S3-Bucket nur für speziellen Benutzer freigeben
2 Minuten Lesezeit
In diesem Abschnitt erfahren Sie, wie Sie einen S3-Bucket so konfigurieren können, dass nur ein spezieller Benutzer Zugriff auf ihn hat. Dies ermöglicht es, die Zugriffssteuerung auf granularer Ebene zu verfeinern und den Zugriff auf den Bucket auf einen bestimmten Benutzer zu beschränken.
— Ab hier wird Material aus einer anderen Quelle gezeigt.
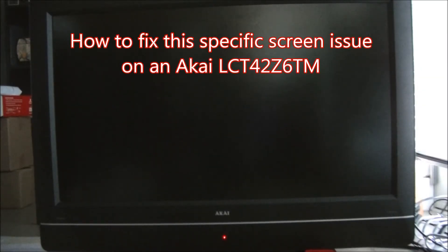This is an Akai television manufactured in October of 2006. It does not have a TV tuner. It is model LCT42Z6TM and a B at the end. This particular model I've not used very much. It's 1080p and it's LCD, no LED backlighting.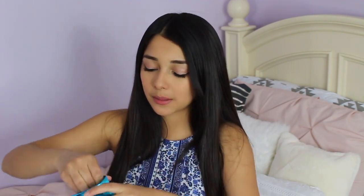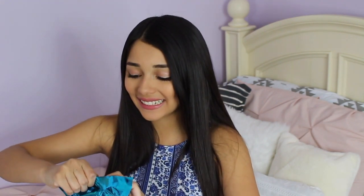So without further ado, let's get started. I really love the packaging, it's so adorable. It's just this like metallic blue. And I do have a coupon code — I will leave it down below, but it didn't send me the coupon code yet, so I'll let you guys know. This is the little box that the jewelry comes in. I'm just gonna cut the ribbon off so I can open the box and see what's inside.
Schritt 1: Vorbereitung der Informationen
Um eine Policy dieser Art anlegen zu können, benötigen Sie eine Reihe an Informationen:
| Variable | Erklärung | Beispielwert |
|---|---|---|
| ACCOUNT_ID | Die Account ID, die Sie bereits verwendet haben, um sich auf dem S3 User Portal anzumelden. Diese können Sie auch auf dem Dashboard einsehen (siehe Bild). | 700001145864652591 |
| BUCKET_NAME | Der Name der Buckets, dessen Zugriff durch diese Policy reguliert wird. | beispielbucket |
| USERNAME | Der Nutzername des jeweiligen Nutzers, für den eine granulare Zugriffsrichtlinie angelegt werden soll. | mmustermann |
Schritt 2: Erstellen der Bucket Policy
Policies lassen sich in der Regel durch .json Objekte definieren. In diesem Fall legen Sie eine user-policy.json an und ersetzen Sie die entsprechenden Variablen durch die im letzten Schritt gesammelten Informationen.
user-policy.json:
{
"Version": "2012-10-17",
"Id": "UserBucketPolicy",
"Statement": [
{
"Sid": "AllowUserAccess",
"Effect": "Allow",
"Principal": {
"AWS": "arn:aws:iam::ACCOUNT_ID:user/USERNAME"
},
"Action": "s3:*",
"Resource": [
"arn:aws:s3:::BUCKET_NAME",
"arn:aws:s3:::BUCKET_NAME/*"
]
},
{
"Sid": "DenyOtherAccess",
"Effect": "Deny",
"NotPrincipal": {
"AWS": "arn:aws:iam::ACCOUNT_ID:user/USERNAME"
},
"Action": "s3:*",
"Resource": [
"arn:aws:s3:::BUCKET_NAME",
"arn:aws:s3:::BUCKET_NAME/*"
]
}
]
}
Daraus ergibt sich in diesem Beispiel folgende Policy: user-policy.json:
{
"Version": "2012-10-17",
"Id": "UserBucketPolicy",
"Statement": [
{
"Sid": "AllowUserAccess",
"Effect": "Allow",
"Principal": {
"AWS": "arn:aws:iam::700001145864652591:user/mmustermann"
},
"Action": "s3:*",
"Resource": [
"arn:aws:s3:::shop-thumbnails",
"arn:aws:s3:::shop-thumbnails/*"
]
},
{
"Sid": "DenyOtherAccess",
"Effect": "Deny",
"NotPrincipal": {
"AWS": "arn:aws:iam::700001145864652591:user/mmustermann"
},
"Action": "s3:*",
"Resource": [
"arn:aws:s3:::shop-thumbnails",
"arn:aws:s3:::shop-thumbnails/*"
]
}
]
}
Schritt 3: Setzen der Bucket-Policy
aws s3api put-bucket-policy --bucket <bucketname> --policy file://user-policy.json --endpoint-url=https://<endpoint-url>
Erklärung der Variablen:
- <bucketname>: Der Name des Buckets, dessen Policy Sie überprüfen * \möchten.
- <policy-name>: Der Name der von Ihnen angelegten Policy-Datei.
- <endpoint-url>: Der entsprechende Endpunkt für Ihren plusserver S3 Service.
Beispiel:
aws s3api put-bucket-policy --bucket shop-thumbnails --policy file://user-policy.json --endpoint-url=https://s3.de-west-1.psmanaged.com
Schritt 4: Überprüfen der Bucket-Policy
Verwenden Sie den Befehl aws s3api get-bucket-policy, um zu überprüfen, dass die gewünschte Policy gesetzt wurde:
aws s3api get-bucket-policy --bucket <bucketname> --endpoint-url=https://<endpoint-url>
Erklärung der Variablen:
- <bucketname>: Der Name des Buckets, dessen Policy Sie überprüfen möchten.
- <endpoint-url>: Der entsprechende Endpunkt für Ihren plusserver S3 Service.
Beispiel:
aws s3api get-bucket-policy --bucket shop-thumbnails --endpoint-url=https://s3.de-west-1.psmanaged.com
Nach dem Ausführen dieses Befehls sollte die Ausgabe mit der von Ihnen festgelegten Policy abgeglichen werden und im Idealfall identisch sein.